■ Task to complete:
Transcribe the records below word for word, leaving every picture out.

■ Records for the exercise:
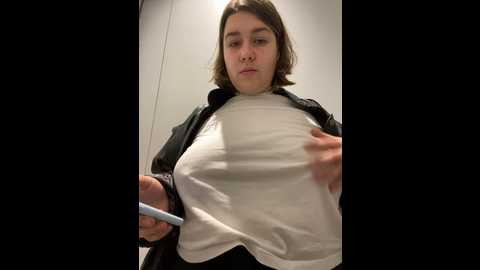 Media: suziemurray Stripchat 2024-10-24 08:38:00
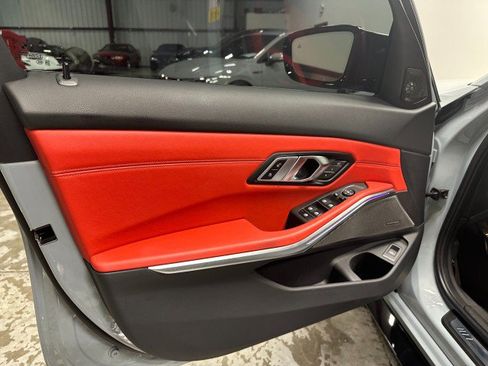 Used 2023 BMW M3 w/ M Carbon Exterior Package RWD image 39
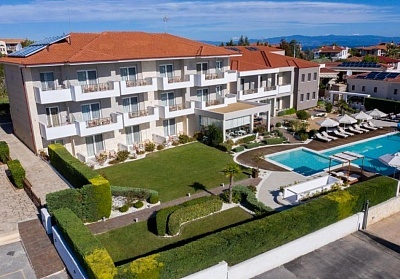 Ранни записвания в Lagaria Hotel & Apartments****, Афитос, Гърция! 2+ нощувки за 4-ма възрастни в двуспален апартамент + ползване на басейн
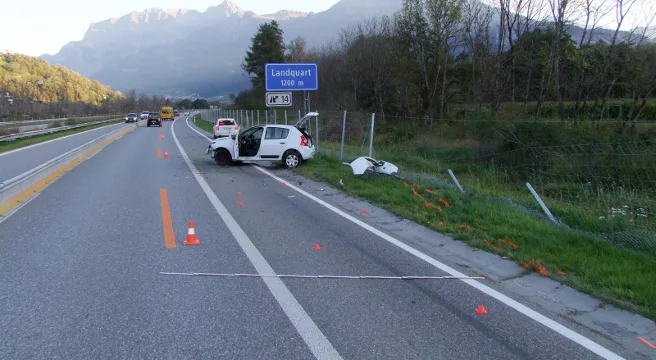 Selbstcrash auf der A13 bei Zizers fordert zwei Verletzte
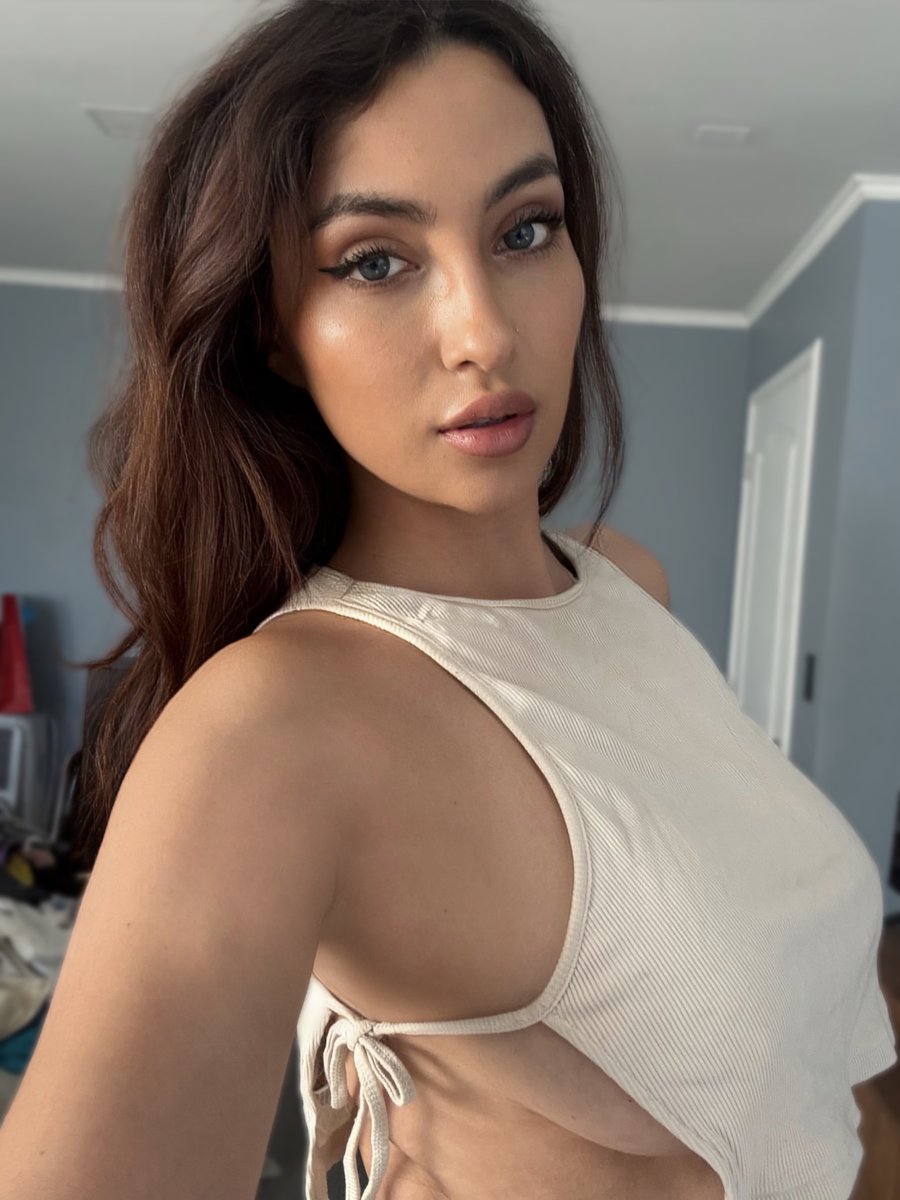 Michelle Constanza tweet media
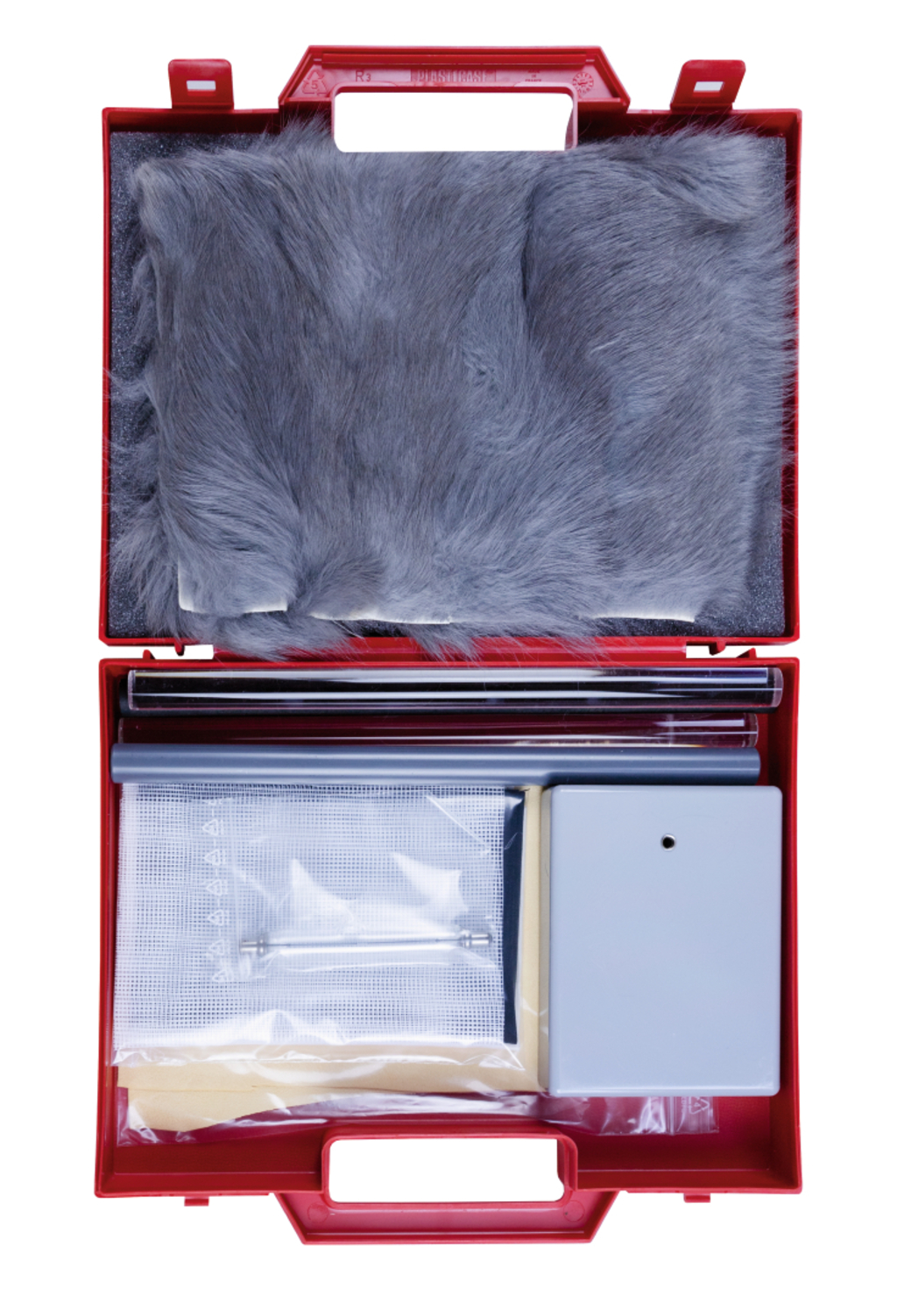 Das Bild zeigt einen roten Koffer, der verschiedene Experimentiermaterialien enthält. Dazu gehören ein graues Fellstück, Röhren, ein Netz, eine kleine Box und weitere Utensilien, die für Bildungszwecke im Experimentierbereich verwendet werden können.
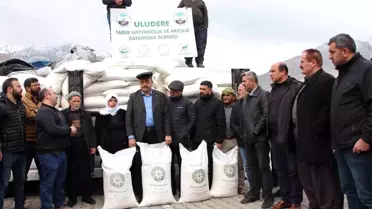 Şırnak'ta arıcılara yemlik şeker dağıtıldı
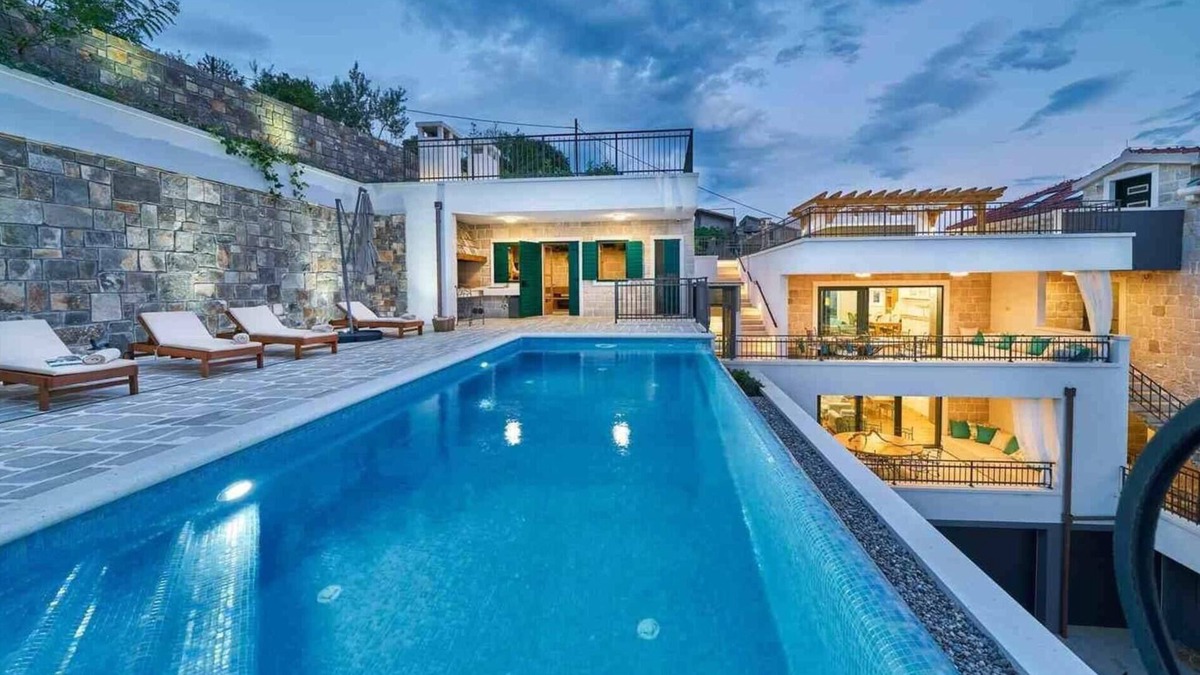 Jesenice Villa | Exclusive Villa Amara with infinity heated pool - sea view, family, stylish, pet friendly, jacuzzi, sauna, bbq, 5 parking spaces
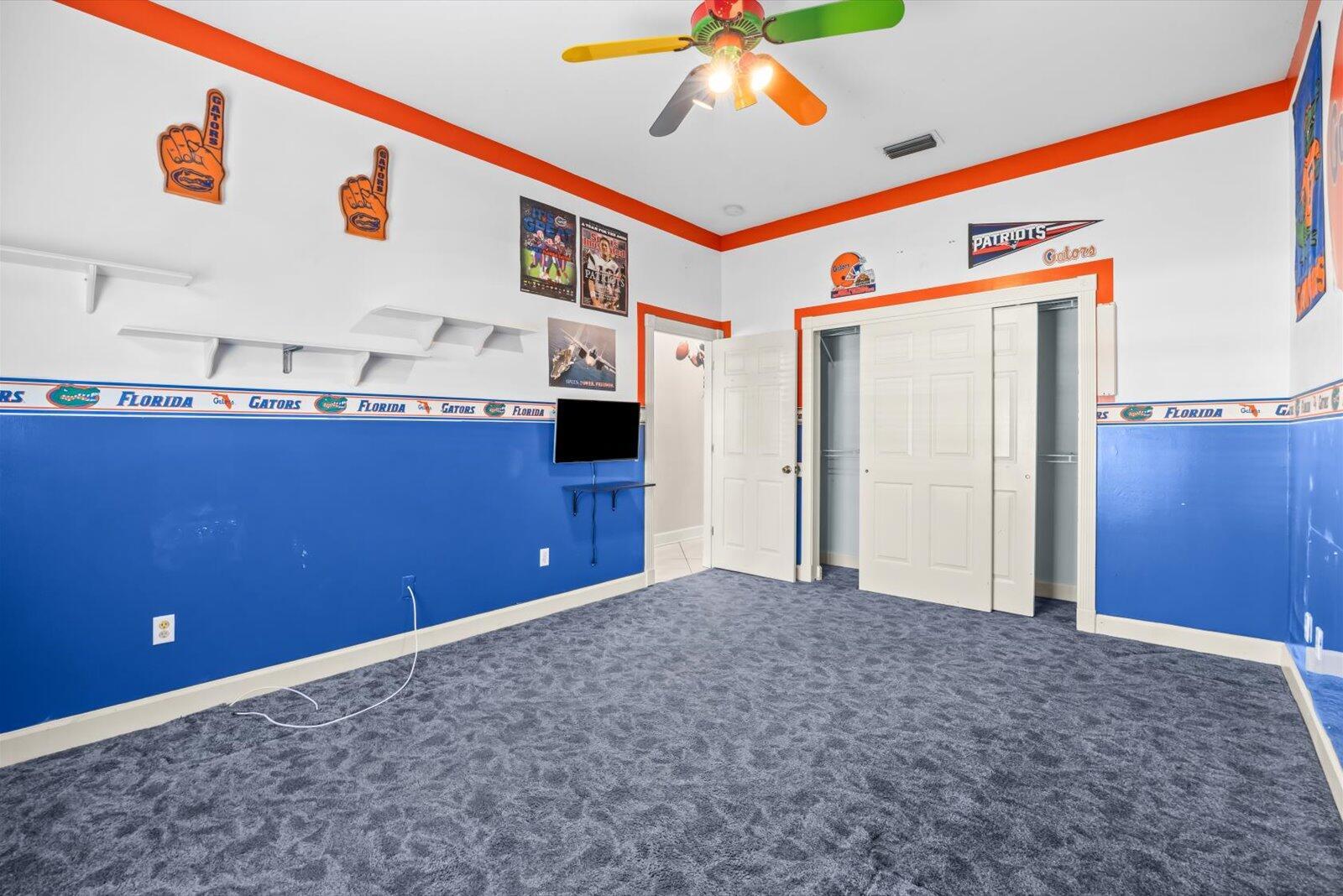 Ver detalles 156 5 / 4 4218 sq. ft. $ 2026-02-23 0 foto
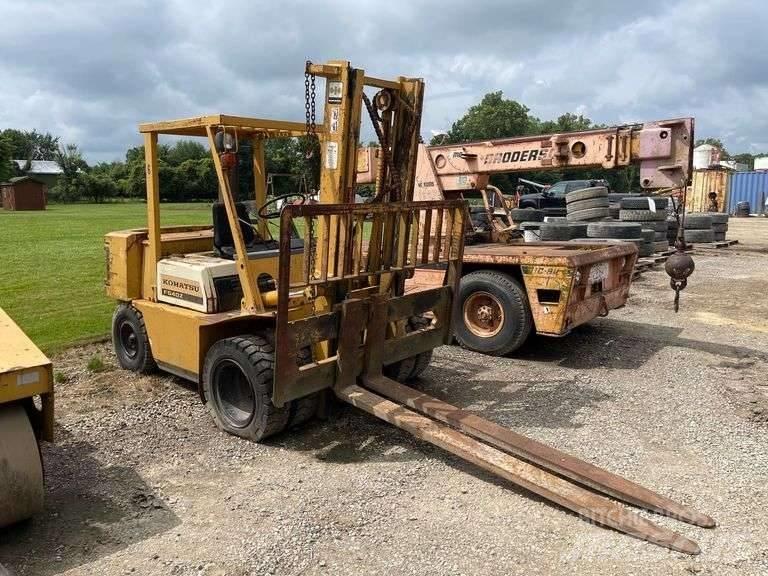 Komatsu FG 40ZT-4 Forklift trucks - others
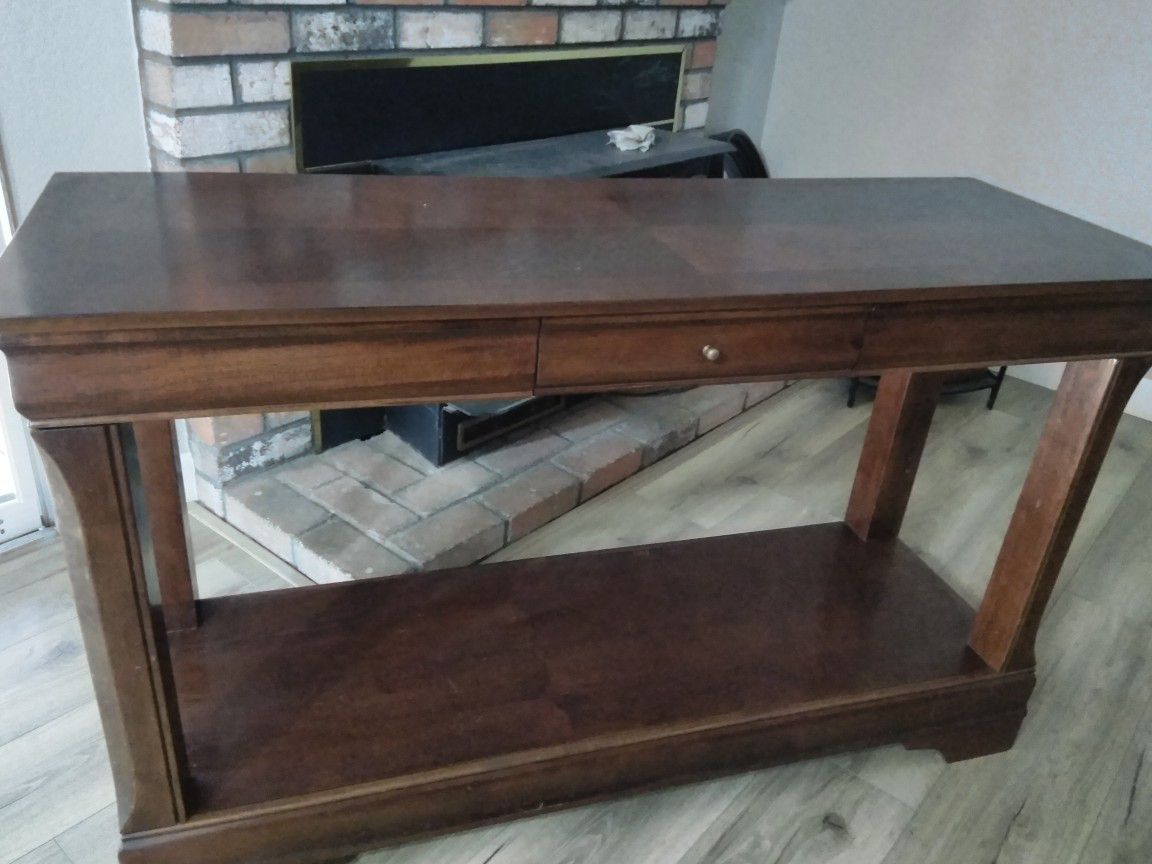 Console table and coffee table set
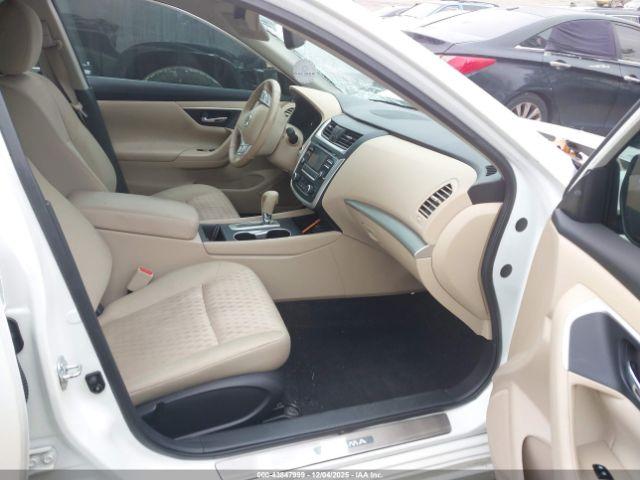 Nissan Altima 2.5 Sv Image 9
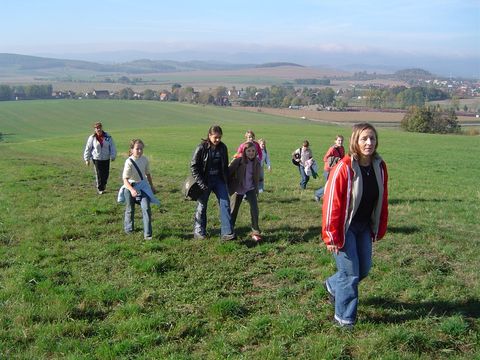 XXI Rajd Wzg�rz Strzeli�skich - podej�cie na Grzybowiec z Pi�awy G�rnej s024 - PTTK Strzelin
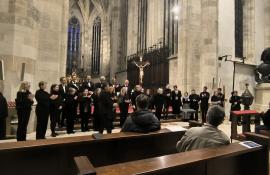 Archívna fotografia Scholy Gloria Dei a súboru Vox Augustana po koncerte v Dóme sv. Martina.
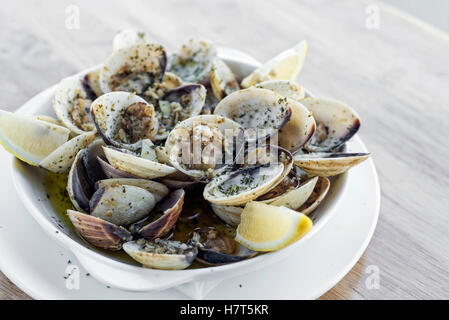 Aglio bianco vino cotto a vapore di vongole fresche tapas di pesce semplice spuntino ameijoas bulhao pato stile portoghese Foto Stock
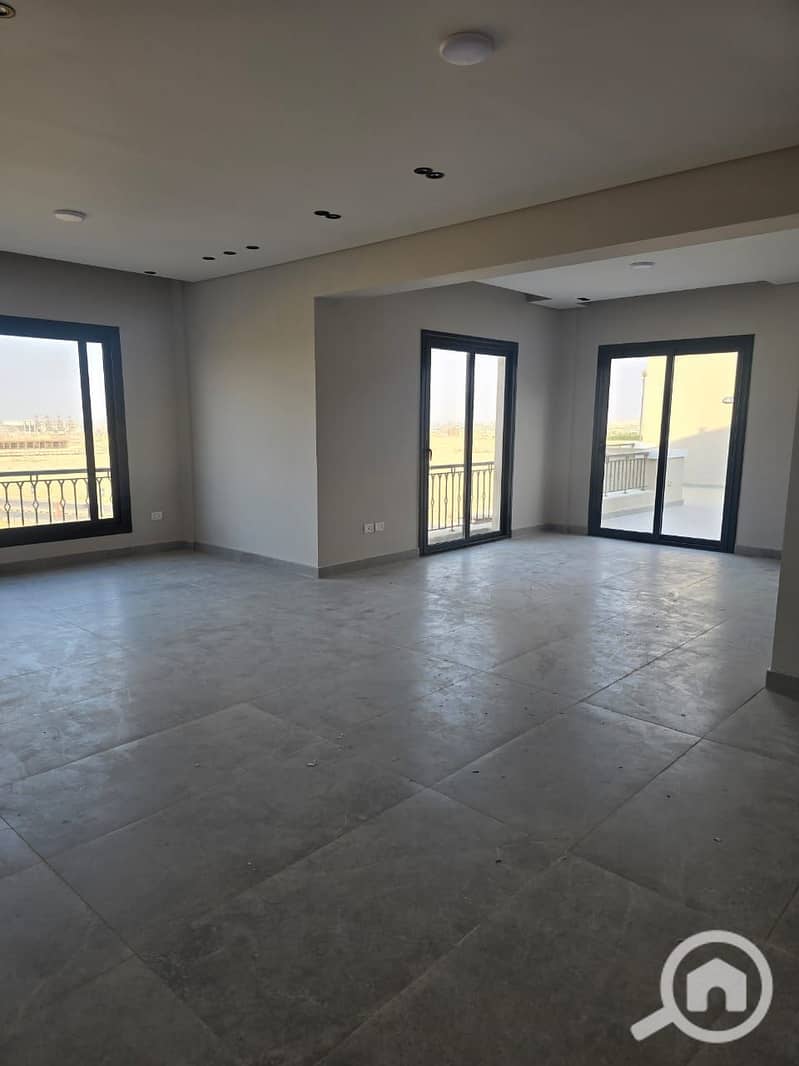 4 WhatsApp Image 2025-11-23 at 1.28. 56 PM. jpeg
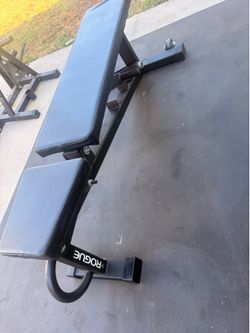 Rogue adjustable bench in good condition pick up in sun valley cash only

■ Answer to this exercise:
 Media: suziemurray Stripchat 2024-10-24 08:38:00
 Used 2023 BMW M3 w/ M Carbon Exterior Package RWD image 39
 Ранни записвания в Lagaria Hotel & Apartments****, Афитос, Гърция! 2+ нощувки за 4-ма възрастни в двуспален апартамент + ползване на басейн
 Selbstcrash auf der A13 bei Zizers fordert zwei Verletzte
 Michelle Constanza tweet media
 Das Bild zeigt einen roten Koffer, der verschiedene Experimentiermaterialien enthält. Dazu gehören ein graues Fellstück, Röhren, ein Netz, eine kleine Box und weitere Utensilien, die für Bildungszwecke im Experimentierbereich verwendet werden können.
 Şırnak'ta arıcılara yemlik şeker dağıtıldı
 Jesenice Villa | Exclusive Villa Amara with infinity heated pool - sea view, family, stylish, pet friendly, jacuzzi, sauna, bbq, 5 parking spaces
 Ver detalles 156 5 / 4 4218 sq. ft. $ 2026-02-23 0 foto
 Komatsu FG 40ZT-4 Forklift trucks - others
 Console table and coffee table set
 Nissan Altima 2.5 Sv Image 9
 XXI Rajd Wzg�rz Strzeli�skich - podej�cie na Grzybowiec z Pi�awy G�rnej s024 - PTTK Strzelin
 Archívna fotografia Scholy Gloria Dei a súboru Vox Augustana po koncerte v Dóme sv. Martina.
 Aglio bianco vino cotto a vapore di vongole fresche tapas di pesce semplice spuntino ameijoas bulhao pato stile portoghese Foto Stock
 4 WhatsApp Image 2025-11-23 at 1.28. 56 PM. jpeg
 Rogue adjustable bench in good condition pick up in sun valley cash only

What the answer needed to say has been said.